My point was that we have 2 different gRPC server applications in the same repository. Each of them use the same vendor gRPC package. It looks like on one server application we can observe growth of the memory utilization, but on another gRPC server application memory usage is okay (the memory utilization is not growing). This detail makes me think that there is an error on the first gRPC server application on our side (probably it's not the case, because we only updated gRPC package and didn't modify any code), or RPS slightly differs between this two servers which causes issue to be observed only in one place (I'm not sure about this either, because RPS difference is not that high ~ less than 1K). Maybe one application uses bufWriter more often than another

wh75er avatar May 03 '23 09:05 wh75er

Can you get a pprof dump that we can analyze?

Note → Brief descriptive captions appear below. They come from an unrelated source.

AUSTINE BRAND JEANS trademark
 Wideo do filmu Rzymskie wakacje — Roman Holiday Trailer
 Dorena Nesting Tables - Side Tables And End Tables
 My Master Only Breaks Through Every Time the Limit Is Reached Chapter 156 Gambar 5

Also, does the memory utilization come down in the service with high QPS when the QPS comes down? If so, then it could indicate that we are not leaking memory.

easwars avatar May 03 '23 22:05 easwars

This issue is labeled as requiring an update from the reporter, and no update has been received after 6 days. If no update is provided in the next 7 days, this issue will be automatically closed.

github-actions[bot] avatar May 09 '23 22:05 github-actions[bot]

Sorry for long reply!

does the memory utilization come down in the service with high QPS when the QPS comes down

No, it doesn't. Looks like it grows with QPS, but when QPS goes down it keeps the memory utilization the same after last QPS peak. When QPS starts to grow again, it seems like the memory utilization continues to grow and then locks on

Can you get a pprof dump that we can analyze?

Sure, I've sent 2 dumps to your email, so you could check the diff. You can find it by subject high memory usage #6242

wh75er avatar May 10 '23 10:05 wh75er

Also forgot to tag you, @easwars

Doing it here

wh75er avatar May 10 '23 10:05 wh75er

Thanks @wh75er. We will take a look soon.

easwars avatar May 10 '23 16:05 easwars

Hello! Is there any updates on the issue?

wh75er avatar May 18 '23 11:05 wh75er

Really sorry. I haven't had cycles to look into this.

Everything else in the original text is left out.